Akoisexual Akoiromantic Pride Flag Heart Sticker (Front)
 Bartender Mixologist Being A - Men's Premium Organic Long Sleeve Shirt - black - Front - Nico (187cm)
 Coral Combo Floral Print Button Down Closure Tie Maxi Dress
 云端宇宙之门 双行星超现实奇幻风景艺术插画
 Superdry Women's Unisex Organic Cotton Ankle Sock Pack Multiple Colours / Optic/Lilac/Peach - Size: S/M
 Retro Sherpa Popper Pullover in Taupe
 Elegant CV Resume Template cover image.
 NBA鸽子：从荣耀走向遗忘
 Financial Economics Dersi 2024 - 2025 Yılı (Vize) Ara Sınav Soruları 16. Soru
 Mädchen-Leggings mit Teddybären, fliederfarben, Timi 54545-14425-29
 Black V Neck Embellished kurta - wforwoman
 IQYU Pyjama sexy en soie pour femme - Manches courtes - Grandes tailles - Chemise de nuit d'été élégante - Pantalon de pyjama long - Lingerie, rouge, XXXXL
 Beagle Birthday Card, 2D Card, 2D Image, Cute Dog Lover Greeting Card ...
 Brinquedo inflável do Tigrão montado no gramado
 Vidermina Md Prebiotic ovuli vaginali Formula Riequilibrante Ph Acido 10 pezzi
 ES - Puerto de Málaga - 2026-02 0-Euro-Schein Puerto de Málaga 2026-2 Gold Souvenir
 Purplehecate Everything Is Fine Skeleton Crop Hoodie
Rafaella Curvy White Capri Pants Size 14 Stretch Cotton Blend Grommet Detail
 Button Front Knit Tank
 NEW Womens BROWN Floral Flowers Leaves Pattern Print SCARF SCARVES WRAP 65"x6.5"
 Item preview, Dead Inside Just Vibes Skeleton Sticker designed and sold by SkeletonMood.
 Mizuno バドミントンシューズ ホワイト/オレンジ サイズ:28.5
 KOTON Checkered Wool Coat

· · ·

Your objective.
The output should consist only of the lines from the one with "Rafaella Curvy White" through the final line of the records above, exactly.

Answer section.
Rafaella Curvy White Capri Pants Size 14 Stretch Cotton Blend Grommet Detail
 Button Front Knit Tank
 NEW Womens BROWN Floral Flowers Leaves Pattern Print SCARF SCARVES WRAP 65"x6.5"
 Item preview, Dead Inside Just Vibes Skeleton Sticker designed and sold by SkeletonMood.
 Mizuno バドミントンシューズ ホワイト/オレンジ サイズ:28.5
 KOTON Checkered Wool Coat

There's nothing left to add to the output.